2) Now we can apply FFT (on ${2n \over k}$ roots of unity) to the vectors: $$z = \operatorname{FFT}(\{x_0,x_1,..., x_{{n \over k}-1}\})\cdot \operatorname{FFT}(\{y_0,y_1,..., y_{{n \over k}-1}\})$$ $z$ being the resulting vector.
3) We apply inverse FFT on $z$ and assign the result the vector $r$.
4) The run time complexity of the steps 3 and 4 is $O\big({n \over k}\lg{n \over k}\big)$. Because the internal bit multiplications can be performed in $\Theta(k^2)$ then overall we have $O\big({k^2\cdot n \over k}\lg{n \over k}\big)$ = $O(nk(\lg n-\lg k))$
5) Lastly we need to do the sum in order to get the final result: $$ \sum_{i=0}^{{2n} \over k} r_i\cdot 2^i $$ We'll perform the summation recursively dividing the input in half each time.

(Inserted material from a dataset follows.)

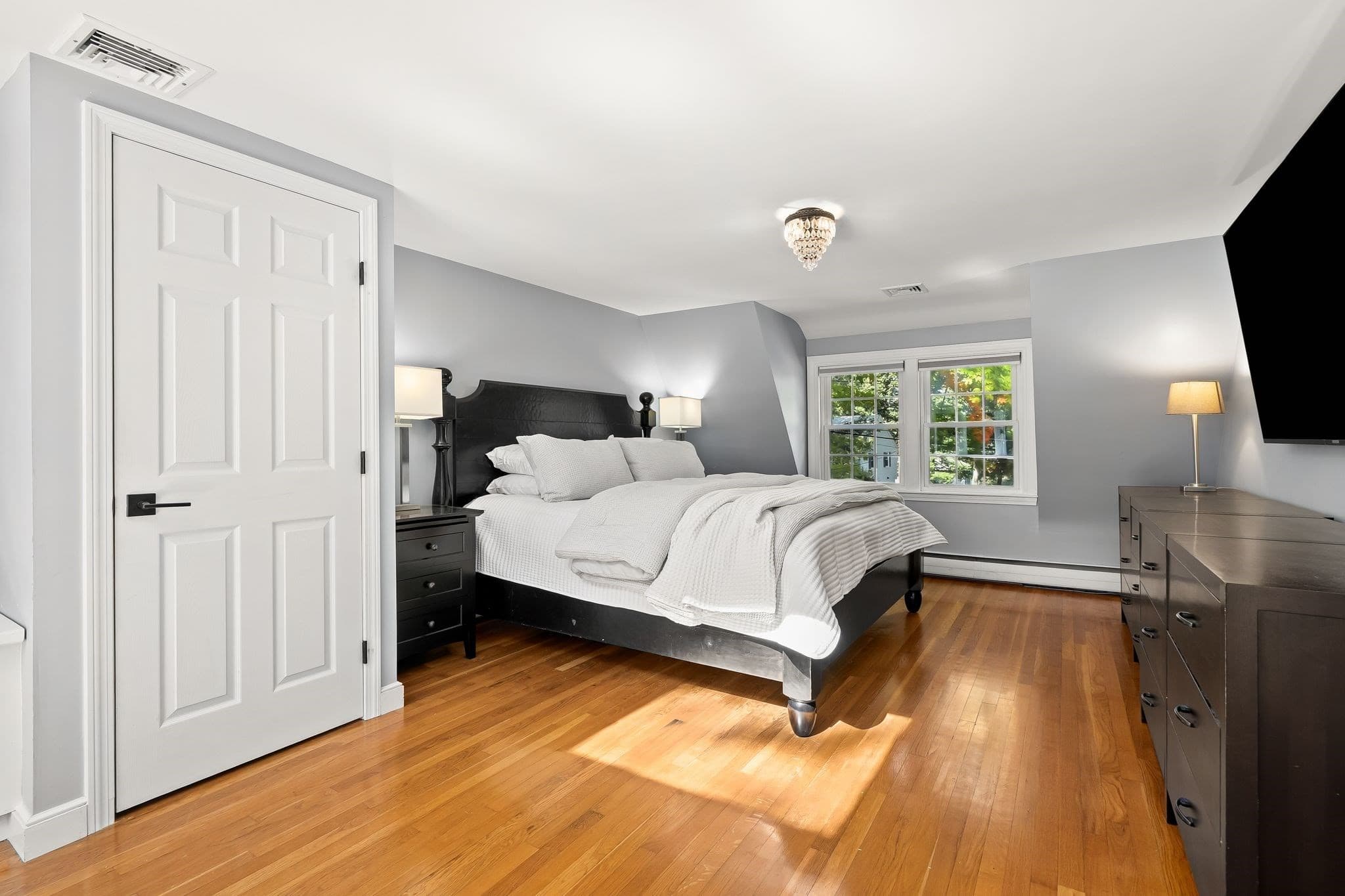 Single Family Residence at 26 Mayflower Road, Winchester MA 01890, Winchester, photo 19 of 42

6) Because there're in step 5 there're ${n \over k\cdot 2^i}$ pairs and the size of each pair is $k\cdot 2^i$, the run time complexity of step 5 is: $$ \sum_{i=0}^{\lg{n \over k}} k\cdot 2^i\cdot {n \over k\cdot 2^i}=\sum_{i=0}^{\lg{n \over k}} n=O(n(\lg n-\lg k)) $$ 7) total run time complexity is $$O(n(\lg n-\lg k)+nk(\lg n-\lg k))=O(n\lg n(\lg n-\lg\lg n))$$
Clarifications:
step 1): why are the coefficients $2^0, 2^{k-1}, ..., 2^{{kn \over k}-1}$ and not $2^0, 2^1, 2^2,..., 2^{{n \over k}-1}$?
step 6): I don't understand how we get to the first summation.
step 7) I didn't understand the transition completely.